What to work on: Search the data below for the word "Vintage" and copy each line that holds it.

====

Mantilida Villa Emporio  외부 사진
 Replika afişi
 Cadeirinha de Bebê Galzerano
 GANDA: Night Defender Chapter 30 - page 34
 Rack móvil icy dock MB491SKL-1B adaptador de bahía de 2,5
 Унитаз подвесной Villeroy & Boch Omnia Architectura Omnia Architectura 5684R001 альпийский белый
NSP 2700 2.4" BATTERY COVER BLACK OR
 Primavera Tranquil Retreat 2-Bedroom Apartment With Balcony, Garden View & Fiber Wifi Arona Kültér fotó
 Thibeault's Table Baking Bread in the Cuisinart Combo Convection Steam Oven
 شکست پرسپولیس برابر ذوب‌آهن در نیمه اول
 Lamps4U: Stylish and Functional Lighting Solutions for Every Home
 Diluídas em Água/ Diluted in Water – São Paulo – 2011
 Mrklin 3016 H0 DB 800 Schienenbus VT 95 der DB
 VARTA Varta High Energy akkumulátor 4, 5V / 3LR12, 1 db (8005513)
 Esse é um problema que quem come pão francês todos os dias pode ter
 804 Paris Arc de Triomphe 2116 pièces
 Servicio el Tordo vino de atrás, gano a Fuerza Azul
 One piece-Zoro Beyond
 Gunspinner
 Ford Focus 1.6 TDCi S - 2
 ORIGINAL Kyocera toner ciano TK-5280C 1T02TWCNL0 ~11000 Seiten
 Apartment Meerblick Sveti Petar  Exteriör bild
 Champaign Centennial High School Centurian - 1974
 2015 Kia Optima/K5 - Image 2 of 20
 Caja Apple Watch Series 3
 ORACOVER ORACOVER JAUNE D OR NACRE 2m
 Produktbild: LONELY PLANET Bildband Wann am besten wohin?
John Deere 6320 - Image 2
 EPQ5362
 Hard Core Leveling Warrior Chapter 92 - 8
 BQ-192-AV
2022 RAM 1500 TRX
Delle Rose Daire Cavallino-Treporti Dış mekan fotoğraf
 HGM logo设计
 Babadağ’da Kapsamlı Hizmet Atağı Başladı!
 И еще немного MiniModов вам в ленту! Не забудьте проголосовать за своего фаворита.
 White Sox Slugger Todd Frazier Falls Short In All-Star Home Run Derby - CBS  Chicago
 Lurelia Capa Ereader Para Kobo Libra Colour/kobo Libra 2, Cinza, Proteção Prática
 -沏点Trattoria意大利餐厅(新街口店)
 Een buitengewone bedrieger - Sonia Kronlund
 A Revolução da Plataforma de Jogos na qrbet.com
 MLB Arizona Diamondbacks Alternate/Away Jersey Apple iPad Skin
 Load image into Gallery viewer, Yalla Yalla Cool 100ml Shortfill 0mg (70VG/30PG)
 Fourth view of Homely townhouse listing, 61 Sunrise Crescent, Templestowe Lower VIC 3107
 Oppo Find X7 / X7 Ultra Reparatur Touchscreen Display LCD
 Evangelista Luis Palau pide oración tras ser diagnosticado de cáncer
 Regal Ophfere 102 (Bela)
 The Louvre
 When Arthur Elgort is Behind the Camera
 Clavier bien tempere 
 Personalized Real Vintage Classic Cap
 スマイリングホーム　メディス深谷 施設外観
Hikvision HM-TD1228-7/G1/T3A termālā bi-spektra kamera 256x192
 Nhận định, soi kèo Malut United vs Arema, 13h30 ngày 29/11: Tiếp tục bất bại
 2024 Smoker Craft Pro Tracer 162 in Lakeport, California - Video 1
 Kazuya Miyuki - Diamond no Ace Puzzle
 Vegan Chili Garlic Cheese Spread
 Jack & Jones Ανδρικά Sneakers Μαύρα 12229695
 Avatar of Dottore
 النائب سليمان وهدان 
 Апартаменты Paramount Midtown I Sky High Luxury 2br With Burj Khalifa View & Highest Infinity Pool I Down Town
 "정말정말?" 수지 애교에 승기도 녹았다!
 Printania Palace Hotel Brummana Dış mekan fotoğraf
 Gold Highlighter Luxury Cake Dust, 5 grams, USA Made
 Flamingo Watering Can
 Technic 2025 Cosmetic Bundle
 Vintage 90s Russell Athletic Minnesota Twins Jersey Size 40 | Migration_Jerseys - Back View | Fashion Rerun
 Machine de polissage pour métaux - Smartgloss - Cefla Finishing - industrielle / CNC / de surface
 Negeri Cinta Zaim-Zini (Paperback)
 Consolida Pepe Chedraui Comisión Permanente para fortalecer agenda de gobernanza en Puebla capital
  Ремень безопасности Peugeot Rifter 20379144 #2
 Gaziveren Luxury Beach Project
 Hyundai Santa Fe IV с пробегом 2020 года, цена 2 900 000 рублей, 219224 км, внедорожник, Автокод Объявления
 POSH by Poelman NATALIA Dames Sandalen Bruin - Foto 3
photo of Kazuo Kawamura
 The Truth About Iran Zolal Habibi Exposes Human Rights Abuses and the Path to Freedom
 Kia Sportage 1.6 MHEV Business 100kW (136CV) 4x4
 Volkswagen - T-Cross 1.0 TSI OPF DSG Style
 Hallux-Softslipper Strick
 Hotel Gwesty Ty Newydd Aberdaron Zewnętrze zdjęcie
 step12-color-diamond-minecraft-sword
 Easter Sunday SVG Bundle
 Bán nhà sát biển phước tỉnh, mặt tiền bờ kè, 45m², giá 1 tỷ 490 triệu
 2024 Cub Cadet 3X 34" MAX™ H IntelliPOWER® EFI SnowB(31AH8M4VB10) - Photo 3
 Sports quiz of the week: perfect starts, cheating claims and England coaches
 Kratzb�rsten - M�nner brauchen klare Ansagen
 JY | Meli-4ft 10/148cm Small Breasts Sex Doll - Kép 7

====

Your solution:
 Personalized Real Vintage Classic Cap
 Vintage 90s Russell Athletic Minnesota Twins Jersey Size 40 | Migration_Jerseys - Back View | Fashion Rerun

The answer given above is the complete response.